(Recorded data)
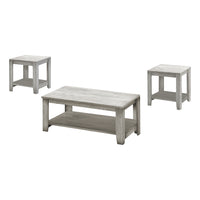 Monarch Specialties 7880P Table Set - 3Pcs Set/Industrial Grey-Ideal match for your sofa with a versatile wood look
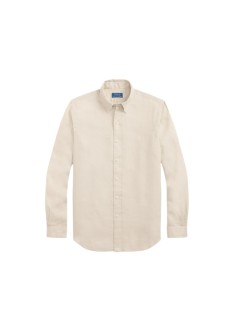 polo ralph lauren shirt manlong sleeve custom fit linnen shirt - 710966294518 stoneware grey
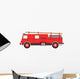 Retro fire truck on a white background. Wall Decal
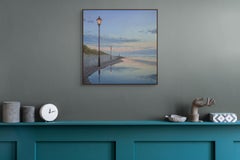 Plage avec lampadaires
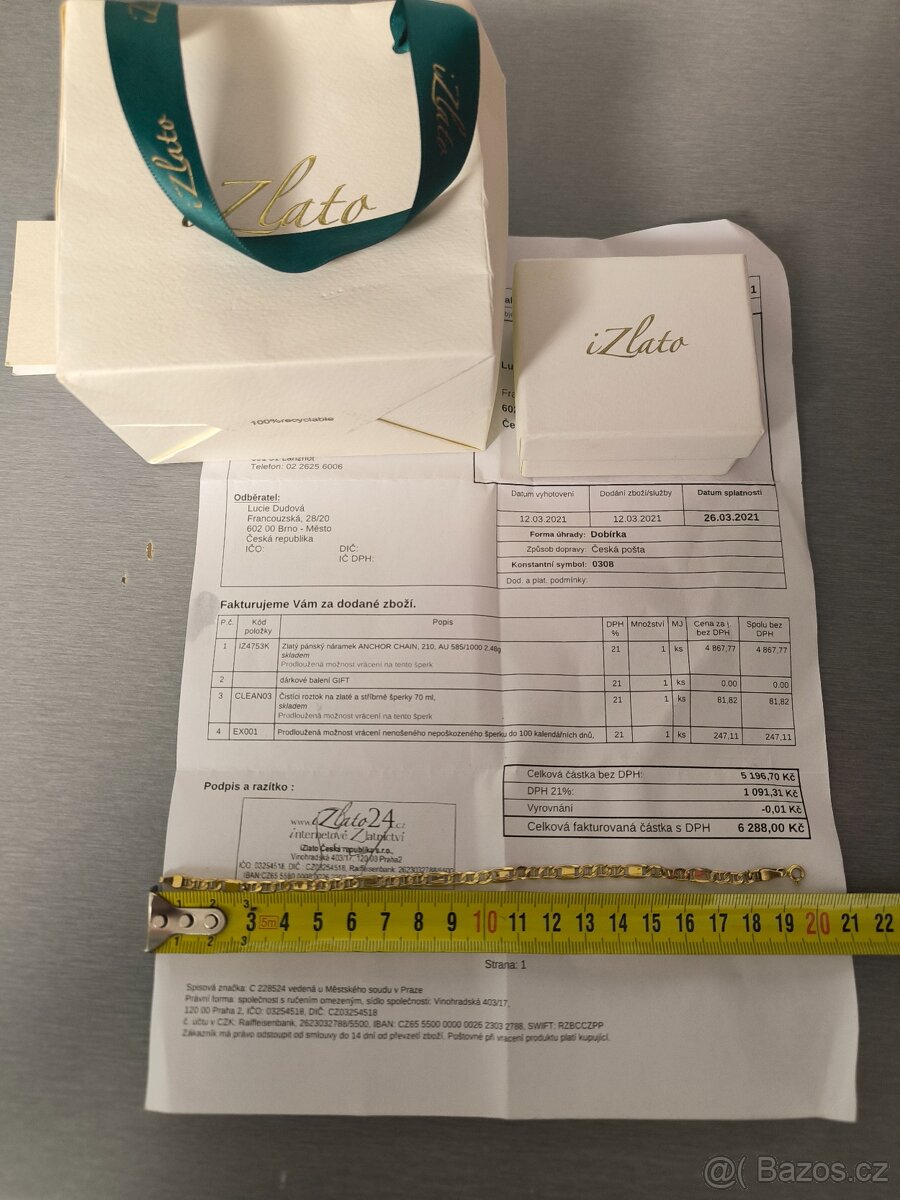 Nový. Zlato 14k náramek 20 cm - 4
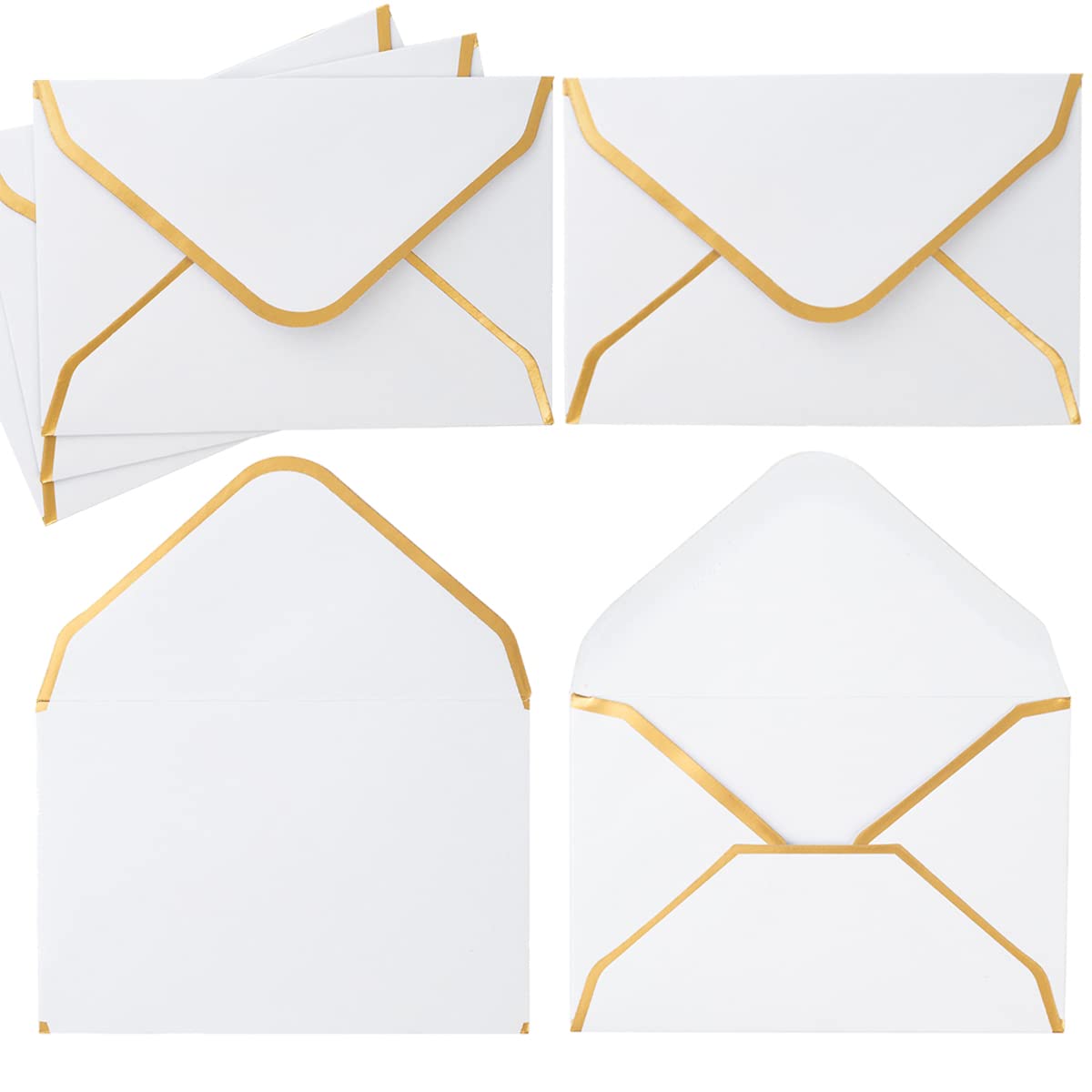 Mini Gift Card Envelopes 100pcs - Gold Border V Flap (4x2.7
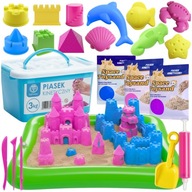 PIASEK KINETYCZNY XXL 3KG – NAJLEPSZY ZESTAW Z BASENIKIEM I FOREMKAMI!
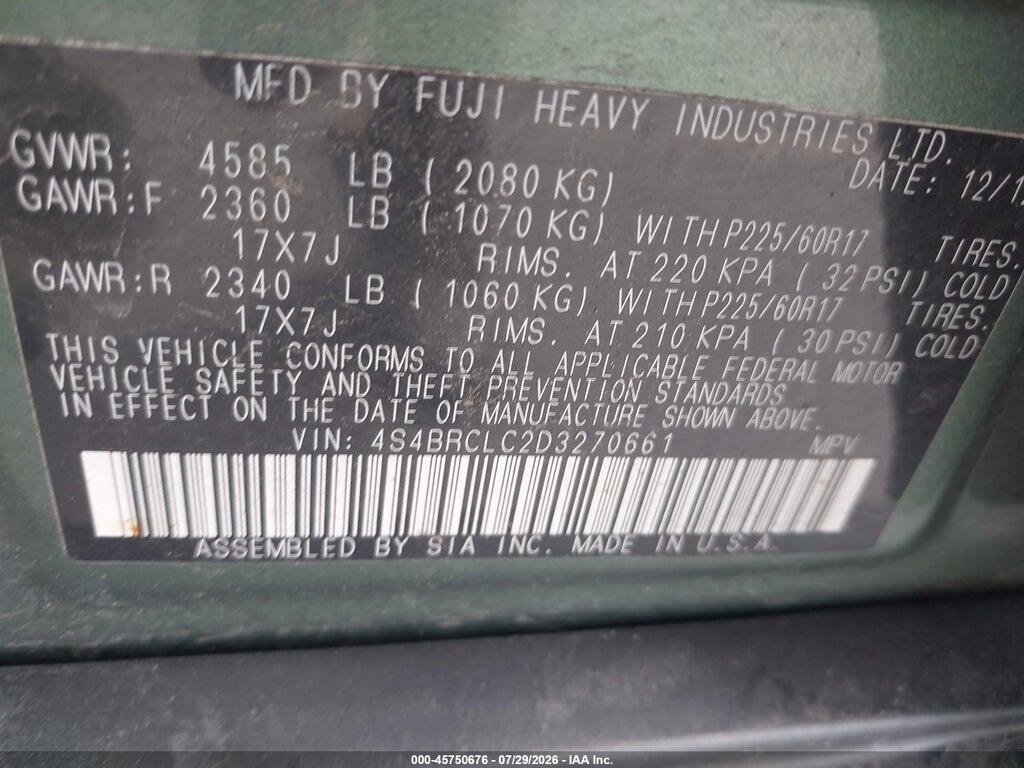 4S4BRCLC2D3270661 2013 SUBARU OUTBACK photo no. 9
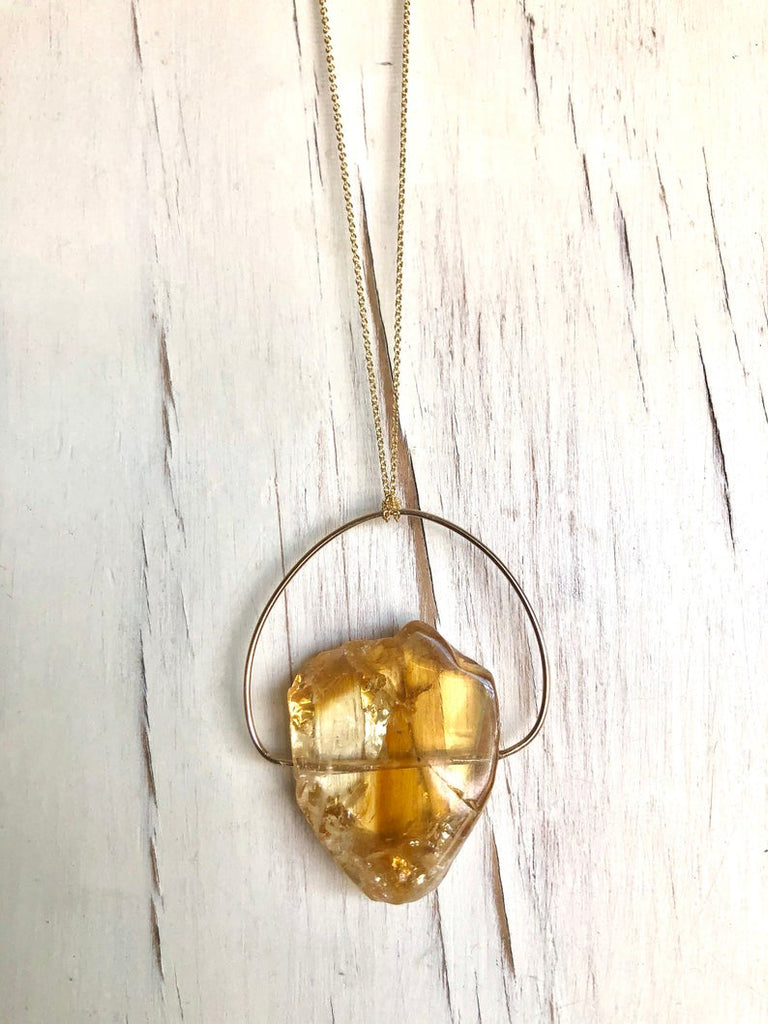 Raw Citrine Pendant Necklace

[INSTRUCTIONS FOR THE TASK]
Repeat every entry above word for word, and include no pictures.

[EXERCISE OUTPUT]
 Monarch Specialties 7880P Table Set - 3Pcs Set/Industrial Grey-Ideal match for your sofa with a versatile wood look
 polo ralph lauren shirt manlong sleeve custom fit linnen shirt - 710966294518 stoneware grey
 Retro fire truck on a white background. Wall Decal
 Plage avec lampadaires
 Nový. Zlato 14k náramek 20 cm - 4
 Mini Gift Card Envelopes 100pcs - Gold Border V Flap (4x2.7
 PIASEK KINETYCZNY XXL 3KG – NAJLEPSZY ZESTAW Z BASENIKIEM I FOREMKAMI!
 4S4BRCLC2D3270661 2013 SUBARU OUTBACK photo no. 9
 Raw Citrine Pendant Necklace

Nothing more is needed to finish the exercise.